A New Year’s resolution on hedging

rite of passage – Christmas BokehAs 2020 draws near, I think about what I did this time last year, when I said things such as ‘I reckon I’ll exercise more’, ‘Maybe I’ll join the gym’. Hang on. ‘I reckon’? ‘Maybe’? What’s that?

That’s hedging – choosing language to make room for alternative possibilities, expressing something indirectly or expressing our level of certainty about a proposed version of reality. In everyday contexts, we often hedge to be polite:

  • I wonder if I can call you 9.30 am next Thursday?
  • Maybe we can discuss this at another time.
  • This was possibly her best performance.

Hedging can come across as being tentative, uncertain, even vague. Because it can detract from a message, clutter writing, even undermine the writer’s authority, hedging is frowned upon and considered counterproductive in scenarios that call for certitude and confidence.
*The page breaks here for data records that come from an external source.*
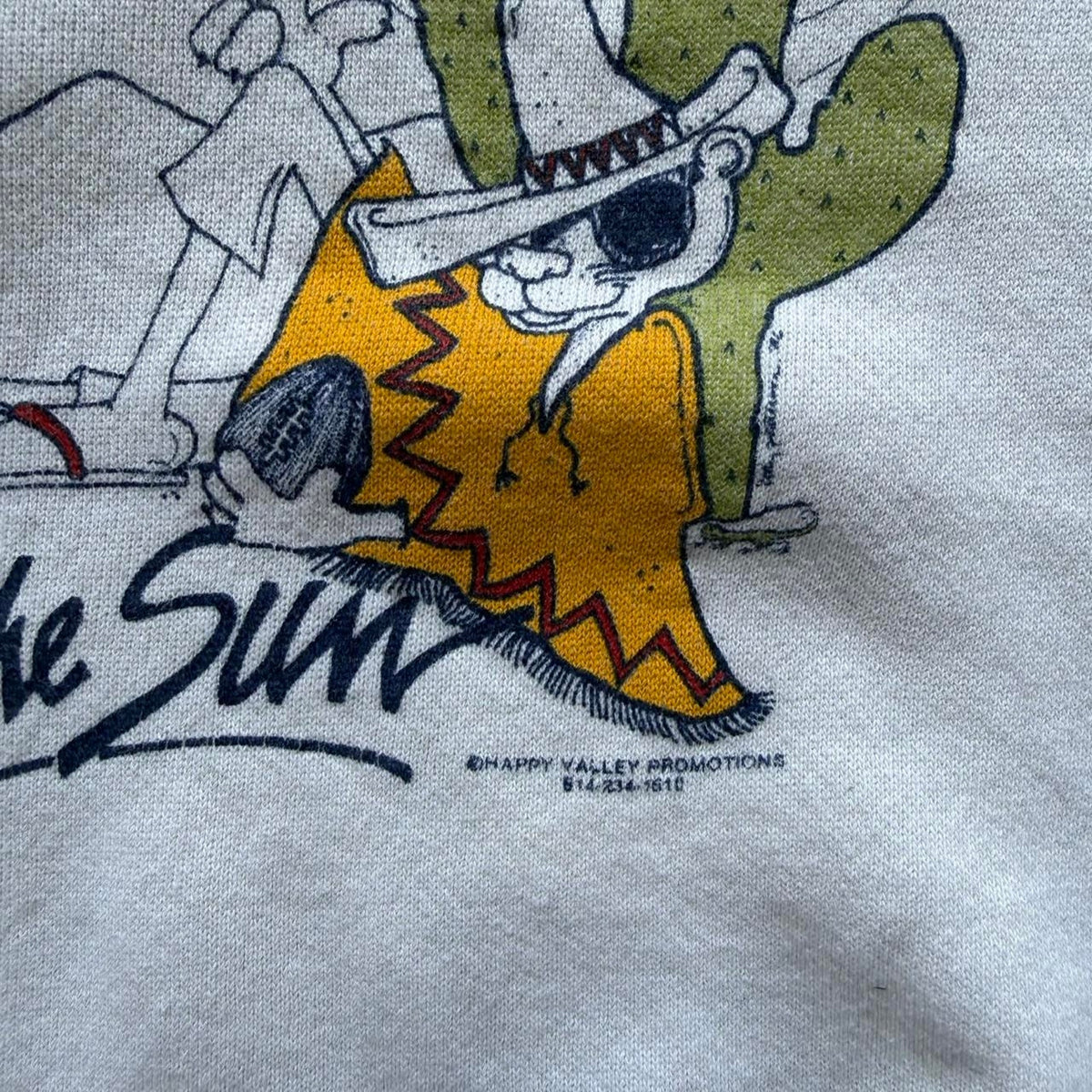 Vintage Numero Uno Lion in the Sun Football Crewneck - X-Large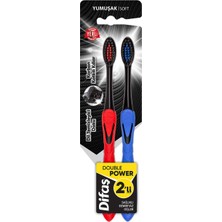 Difaş Double Power 2li Yumuşak Diş Fırçası - 8 Adet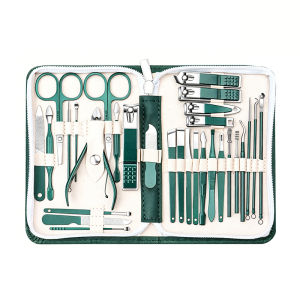 30 pcs Nail Clippers Manicure Tool Set With Portable Travel Case Cuticle Nippers And Cutter Kit Professional Nail Clippers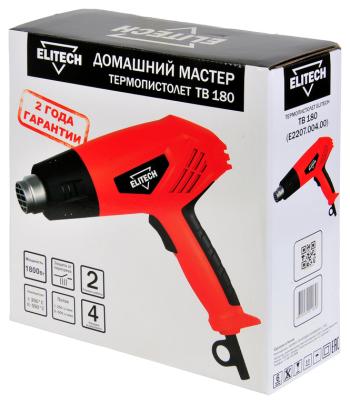 2 299 р. Фен промышленный термопистолет 1800Вт 350550град. ELITECH ELITECH тв 180  с доставкой в г. Керчь. Увеличить фотографию 5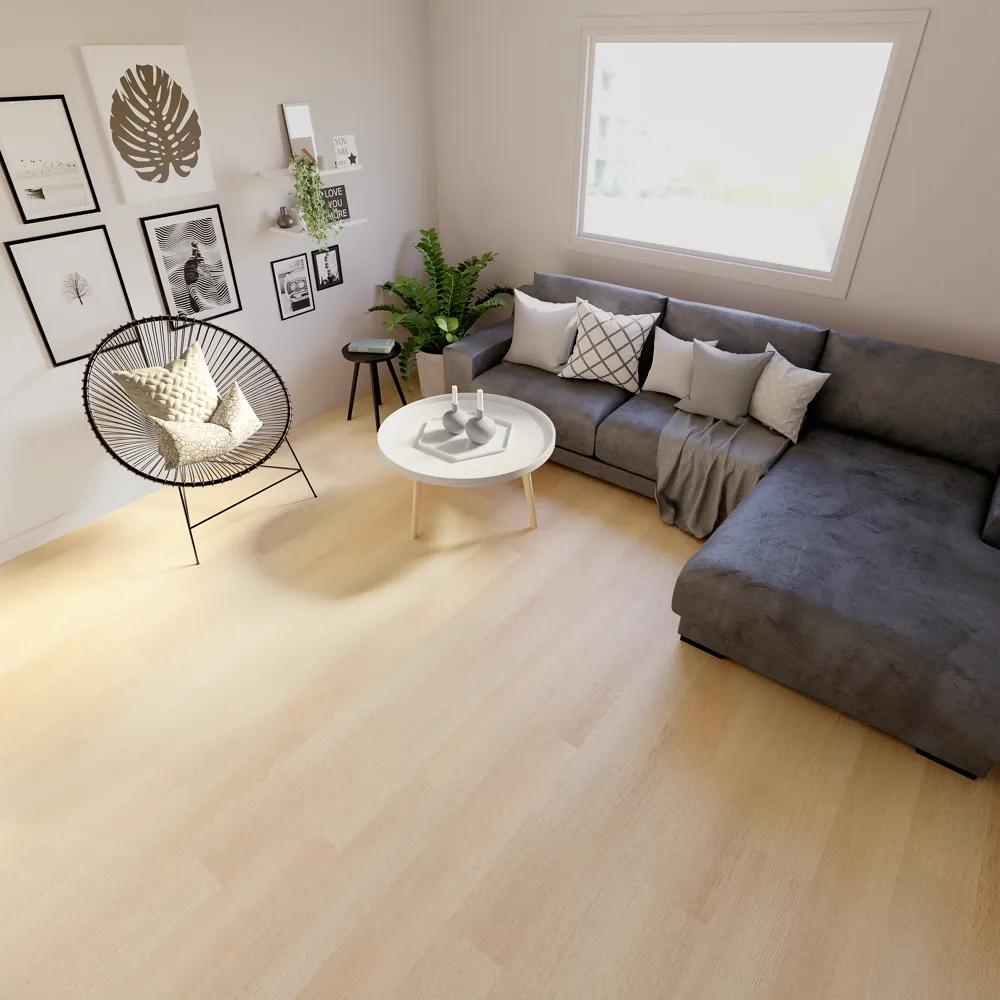 Example of a typical room with Lighthouse vinyl flooring installed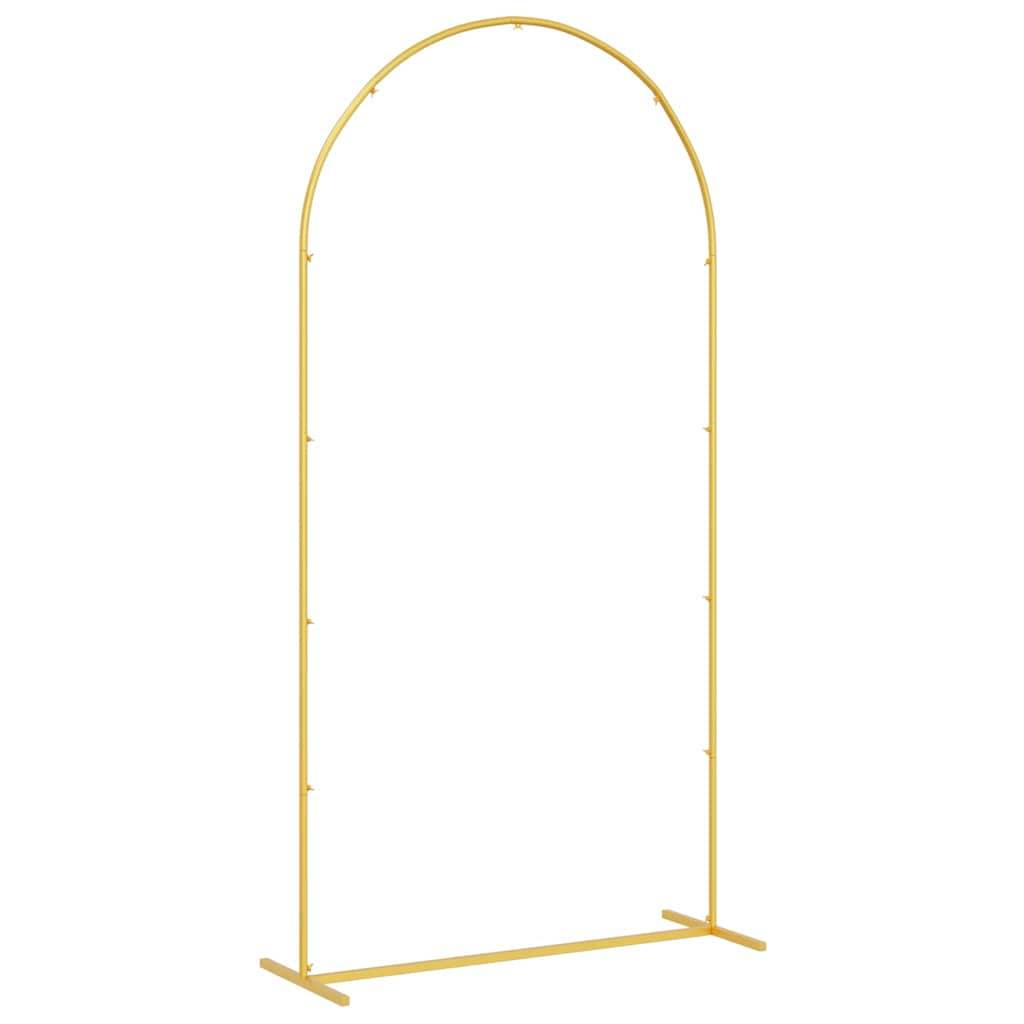 Arche de jardin en acier doré pour cérémonie et support plantes 100x200 cm - ComfortXL Outdoor Living - Image 5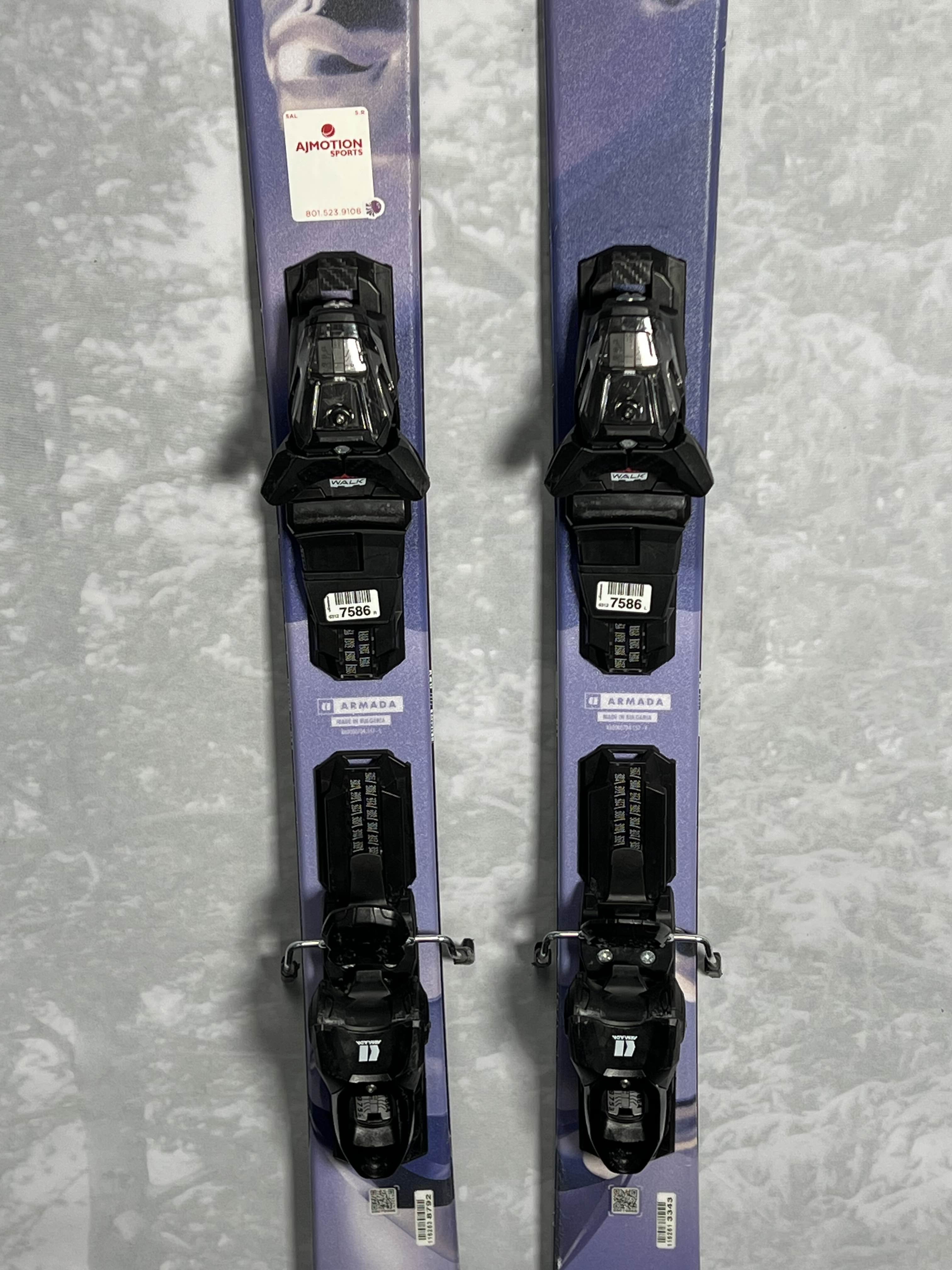 Lightly Used 2025 Armada ARV 84 157cm Skis w/ M10 GW Bindings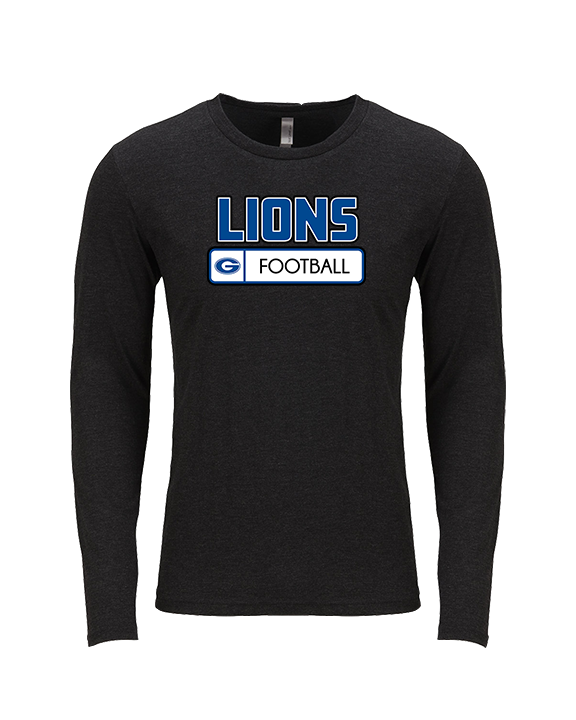 Goddard HS Football Pennant - Tri-Blend Long Sleeve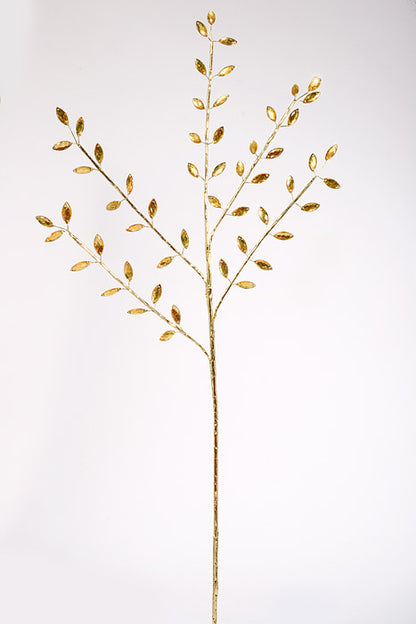 30" Crystal Bead Spray Gold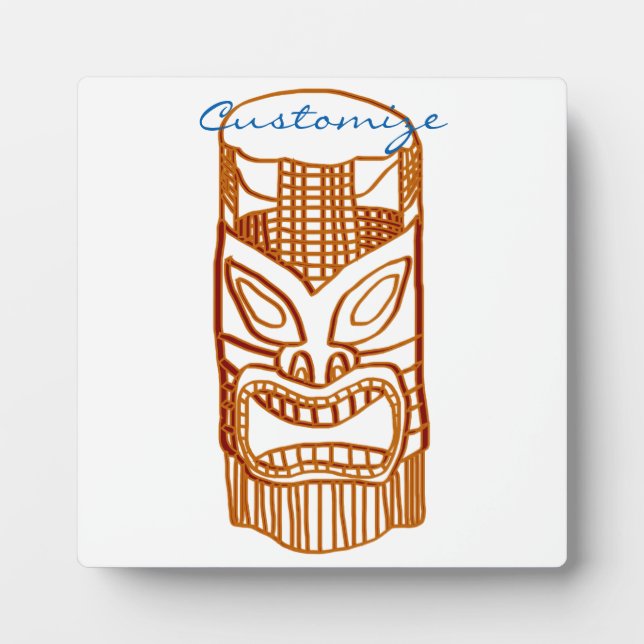 Carved Tiki Sculpture Thunder_Cove Plaque (Front)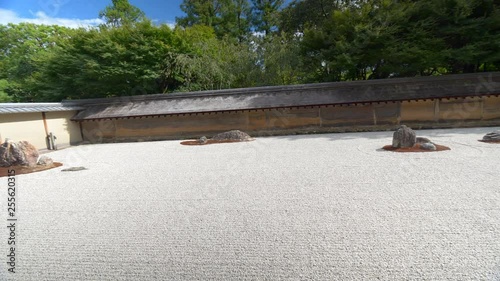 Wallpaper Mural Zen Rock Garden In Ryoan-Ji Temple, Kyoto, Japan. Torontodigital.ca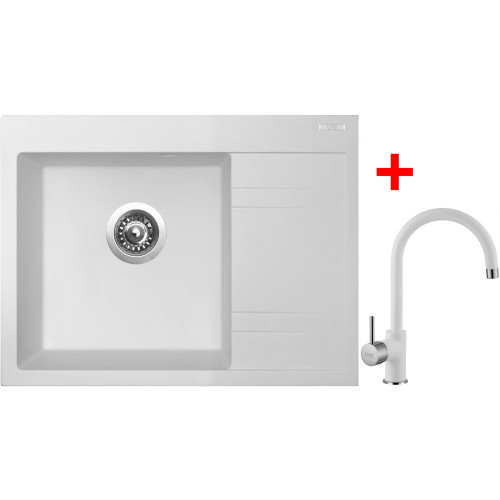 Sinks RIM 650 L Milk + Vitalia GR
It’s not hard to see why – consider some of the forms that hedging can take:

  • introductory verbs (e.g. seem, tend, look like, appear to be, think, believe, doubt, be sure, indicate, suggest)
  • certain lexical verbs (e.g. believe, assume, suggest)
  • certain modal verbs (e.g. will, must, would, may, might, could)
  • adverbs of frequency (e.g. often, sometimes, usually)
  • modal adverbs (e.g. certain, definite, clear, probable, possible, likely to, generally speaking)
  • modal nouns (e.g. assumption, possibility, probability)
  • ‘that’ clauses (e.g. ‘it could be the case that …’, ‘there is every hope that …’).

Hedging does more than lubricate our social interactions. It frames our claims to truth and enables the writer to distinguish claims from facts. It reminds us that, far from being fixed or stable, knowledge is a constantly evolving state with fluctuating degrees of uncertainty.

Indeed, scientific endeavour tells us that knowledge is not discovered, but built upon conjectures informed by empirical observations. This method of establishing ‘truth’ is the reason scientists moderate the strength or scope of their claims.

I can understand how hedging may convey a lack of conviction in, and attenuate accountability for, the truth value of a statement. It may explain why urgent information reported by scientists has failed to grip political consciousness. But there are statements for which I would much rather be reminded that there is a space – a choice – between what is said and what I evaluate as true, rather than being told that something is true because someone says so.

That being said, I doubt that I can continue to postpone some of my resolutions, least of all for the new year. Happy New Year everyone!